Tal es, en su esqueleto lógico más abstracto, la versión del
marxismo teórico que ha provocado más de una sonrisa o gesto despreciativo o
caritativo en pensadores con un mínimo de cultura histórica y que, por
decenios, ha constituido un objeto de crítica fácil (concebida, por lo general,
como crítica al marxismo clásico o, simplemente, al “marxismo”) para los
intelectuales asalariados por el capital, dedicados a hacer pasar la propiedad
privada capitalista por un valor universal y una forma eviterna de organización
de la vida social.
Algún arrepentido intentará borrar de un manotazo todo el
marxismo posclásico, y se las ingeniará para demostrar que, “por sus límites
naturales y sociales”, el marxismo clásico resulta incapaz de dar cuenta de las
postrimerías “posindustriales” y “posmodernas” de nuestro siglo. No quedaría
otro remedio que superar (Aufheben) a Marx: su mundo u “objeto de estudio”
habría sido “otro”, su diagnóstico social habría sido el diagnóstico de “otra
sociedad”, las soluciones que propuso habrían sido soluciones a “otros
problemas”.
¿Se ha parado a pensar este crítico de oportunidad en las
condiciones de validez del marxismo, es decir, en su capacidad o incapacidad
para que la realidad del mundo contemporáneo “tienda”, según la conocida
expresión, hacia sus formas de pensamiento, hacia sus categorías y conceptos?
La doctrina de Marx es la expresión teórica del antagonismo
entre los hombres en las condiciones de la compraventa universal de la fuerza
de trabajo y de la gestación de las premisas para su negación revolucionaria.
¿Perdura la sumisión de la sociedad y los individuos a las leyes “ciegas” de la
producción de plusvalía, a las leyes inmanentes de la ganancia capitalista que
rebaja permanentemente la voluntad al estatus de instrumento? ¿Subordina la
astucia de la “razón capitalista” la libertad colectiva e individual de los
hombres que con su actividad productiva configuran su cuerpo objetivado?

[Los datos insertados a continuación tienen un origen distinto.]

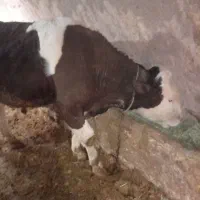 گوساله سیمینتال نر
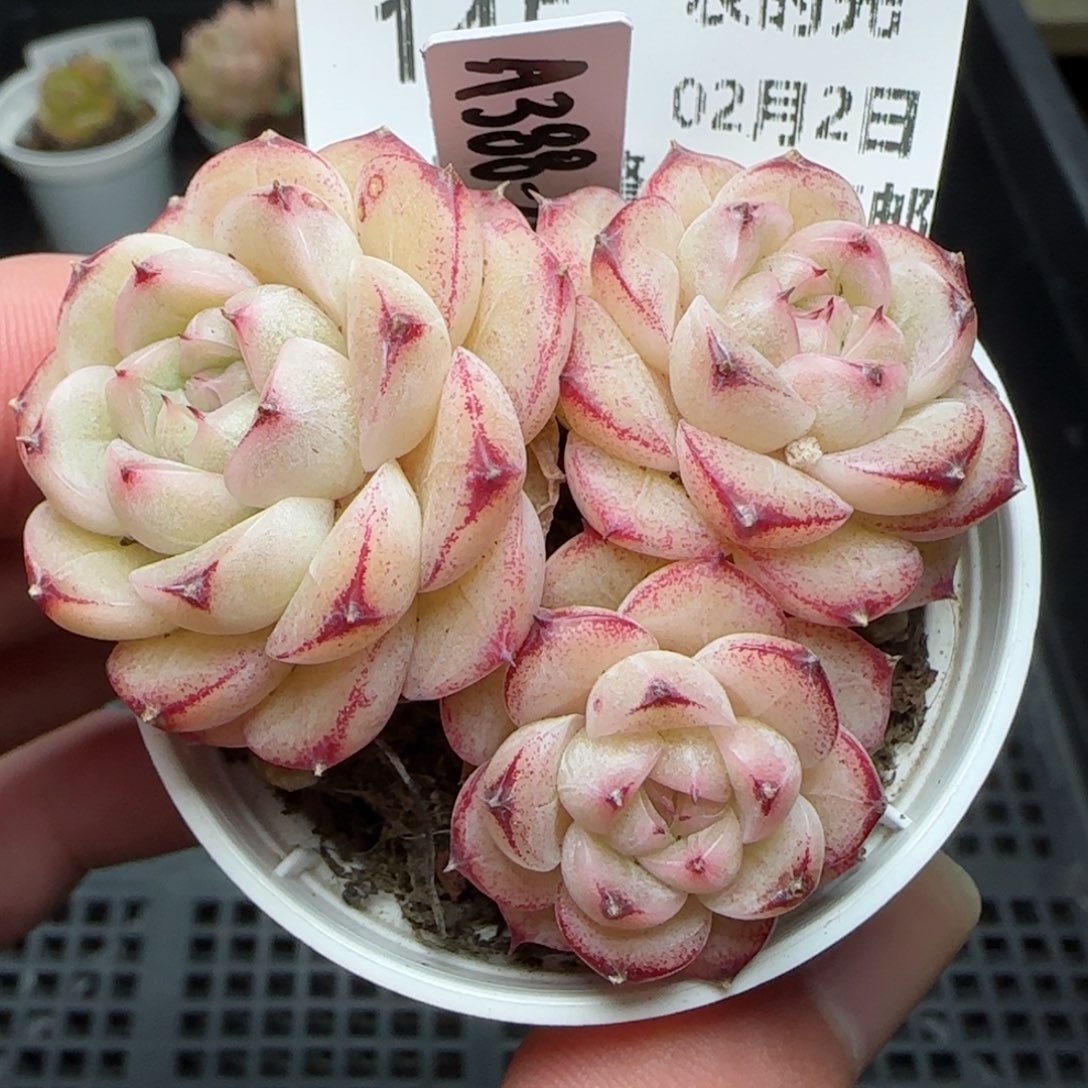 0202-145（A388-24）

¿Impera en este mundo un valor –el capital– que supedita a sí, aplasta o
prostituye los restantes valores? ¿Son o no las relaciones humanas y los
propios individuos simples cosas que empuja a su antojo el viento de la
ganancia capitalista? ¿Siguen o no las cosas apropiándose de la personalidad
humana? ¿Han sido suprimidas, con la evolución histórica, las relaciones
sociales basadas en la compraventa de la fuerza de trabajo? ¿Vivimos en un
mundo diferente del de la gran propiedad privada capitalista? ¿Ha cambiado la
orientación fundamental del régimen de propiedad privada hacia la
centralización del capital y el poder? ¿No están ya los seres humanos
categorizados objetivamente en burgueses y asalariados? ¿Ha dejado de ser el
Estado capitalista una maquinaria organizada para imponer la voluntad violenta
de la burguesía sobre las restantes clases sociales? ¿No es ya la “igualdad de
los hombres ante la ley” el grito de combate por excelencia de la burguesía, y
el derecho, la forma universal institucionalizada de sometimiento de la voluntad
de los individuos a los designios de la producción de plusvalía? ¿No sigue la
política burguesa subordinando a su antojo todas las formas de conciencia,
todos los valores humanos, todo el cuerpo universal de la cultura? ¿Es este o
no el mundo de la polarización extrema de la riqueza y la pobreza? ¿Es o no la
contradicción entre el capital y el trabajo el pulso vivo de nuestra época?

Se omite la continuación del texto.